The Discerning Texan
-- Edmund Burke
Thursday, February 12, 2009
The Countdown Continues
I am still counting the hours, minutes and seconds... I would rather watch paint dry than to watch these guys rape our country every single day.
Well, that didn’t take long.
Less than a month ago, Barack Obama was sworn-in as chief executive amid historic promises of “change we can believe in.” But there won’t be a second Obama term if he doesn’t admit that, no matter how adroitly he wraps himself in Reaganesque rhetoric, Leviathan is no better suited for 2009 than it was in 1933 for FDR.
Contrary to conventional wisdom, the New Deal’s Big Government spending failed to end the Great Depression. That is clear to anybody who reads Paul Johnson’s masterful chapter on the New Deal in “Modern Times.”
Or Amity Schlaes’ superb “The Forgotten Man: A New History of the Great Depression.” Or the utterly convincing data-driven study by UCLA professors Harold L. Cole and Lee E. Ohanian that concluded the New Deal lengthened the Great Depression by at least seven years.
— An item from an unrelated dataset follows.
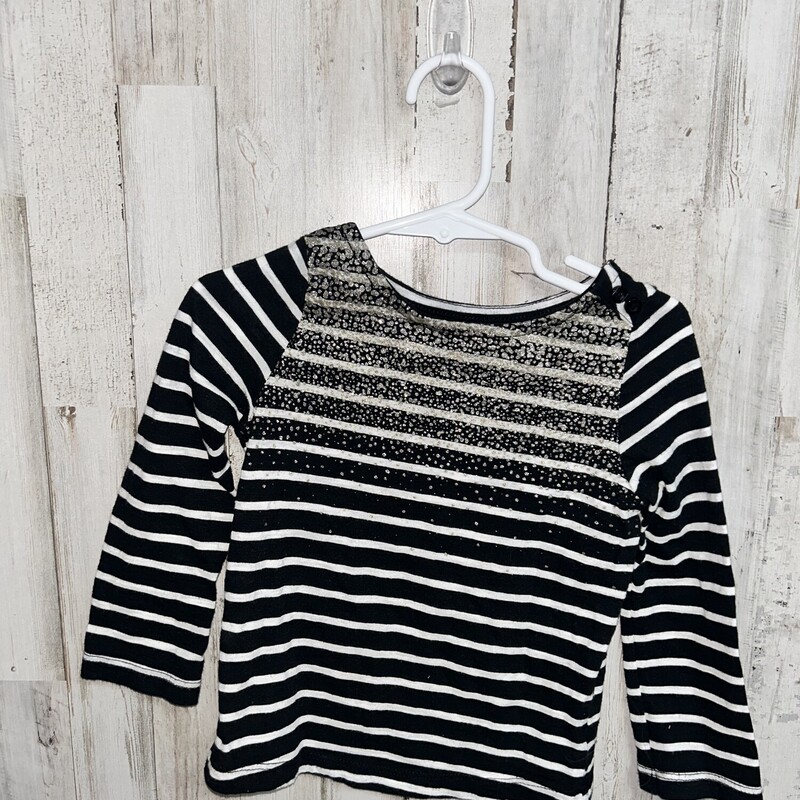 2T Black Striped Top, Black, Size: Girl 2T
FDR at least had nearly a decade for his Sisyphean labors. Obama won’t get a chance to end the current recession because, according to the non-partisan Congressional Budget Office (CBO), the recovery will have long since started before most of the gargantuan $1 trillion stimulus bill’s spending crosses the Potomac.
But that’s not the main reason Obama’s prospects for gaining a second term in 2012 are already fading faster than a Maine RINO can forget what being a Republican means. Obama is making himself the symbol of what’s wrong with Washington rather than being the agent of change in Washington.
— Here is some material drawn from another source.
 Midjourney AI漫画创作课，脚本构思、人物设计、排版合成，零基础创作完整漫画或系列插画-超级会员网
Democratic pols like Sen. Chuck Schumer of New York think voters don’t care about pork in the stimulus bill, but lots of now-former Republican members of Congress know better.
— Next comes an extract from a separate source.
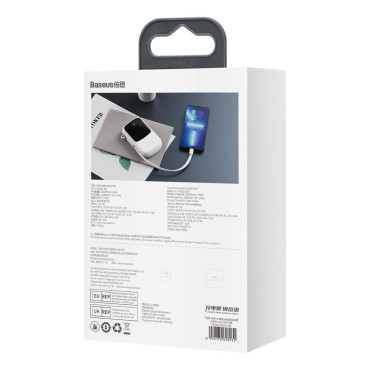 Powerbank gyors betöltéssel 20000mah 20w QC-PD-SCP-FCP iPhone villámkábel fehér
Earmarks are indeed, in Sen. Tom Coburn’s evocative term, “the gateway drug to federal spending addiction” and the basic ingredient of the culture of corruption in Washington that has driven the approval rating of Congress into the single digits.
Growing public awareness of the deeply porkified content of the stimulus package is the chief driver behind the plunge in a mere two weeks from modestly strong initial approval to only a third of those surveyed continuing to support passage.
That awareness is also why Rasmussen Reports this week found a virtual dead heat between the two parties in the generic congressional voting survey, with 40 percent saying they plan to vote Democrat in their congressional balloting and 39 percent going Republican.